The Drucker quote suggests that it is your capacity to engage with others in such a way that they are willing to follow you that marks you as a leader.
For all of us who work as leaders, or who take on a leadership role in life, that capacity for engagement is an on-going process of learning.
A Way of Being
Leadership is not just about technical ability, or about a skill-set – it is about a way of being. We are talking about the ontology of a leader, if you will – what is it in our being that impacts how others perceive us as a leader. How do we show up, and how does that affect whether or not others are willing to follow us?
“How available are you for relationship?”
So, to come back to that question, I am asking leaders to reflect on those aspects of themselves which get in the way of their being someone people will want to follow.
Of course, this isn’t only applicable to leaders – even if we are not in a formal leadership role, we will need to relate to others and to be seen as someone that others will want to engage with.
The question could be made more general: How available are you for relationship? What aspects of yourself get in the way of being someone that others will want to engage with?
Here are a few examples of things which can get in the way of your availability for relationship:
- You like to always do things your way
- You need to be liked
- You are very results-focused
- You don’t take time to really connect with others
- You might find it hard to ask for help
- You’re uncomfortable with not knowing all the answers.
While all of those things might be useful at times, they can also negatively impact your availability for relationship.
Relate More, Engage More
If you want to become more available for relationship, or you want to engage more in life, then one of the first steps will be to identify where and how you are unavailable.
The best way to find this out is to ask others. Sometimes you might not even need to ask – you might simply have to listen to what others have been trying to tell you all along!
Take some time to ask, or listen to, people around you. How do they experience you?

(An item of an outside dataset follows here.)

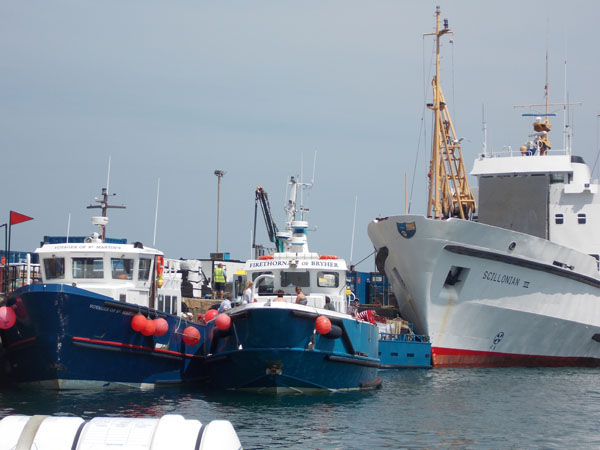 Scillonian_III_and_island_boat_services.jpg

Some of these conversations may not be easy, but try to listen from a mood of openness and willingness to learn rather than trying to defend yourself. If you want to relate more to others then surely it’s worth trying to find out how they experience you
“If you want to relate more to others, then surely it’s worth trying to find out how they experience you.”
Note that this isn’t about you becoming what others want you to become – it’s not an either/or situation, but a chance to reflect further on what it might require for you to be more available in your relationships with others, and to participate more fully in life.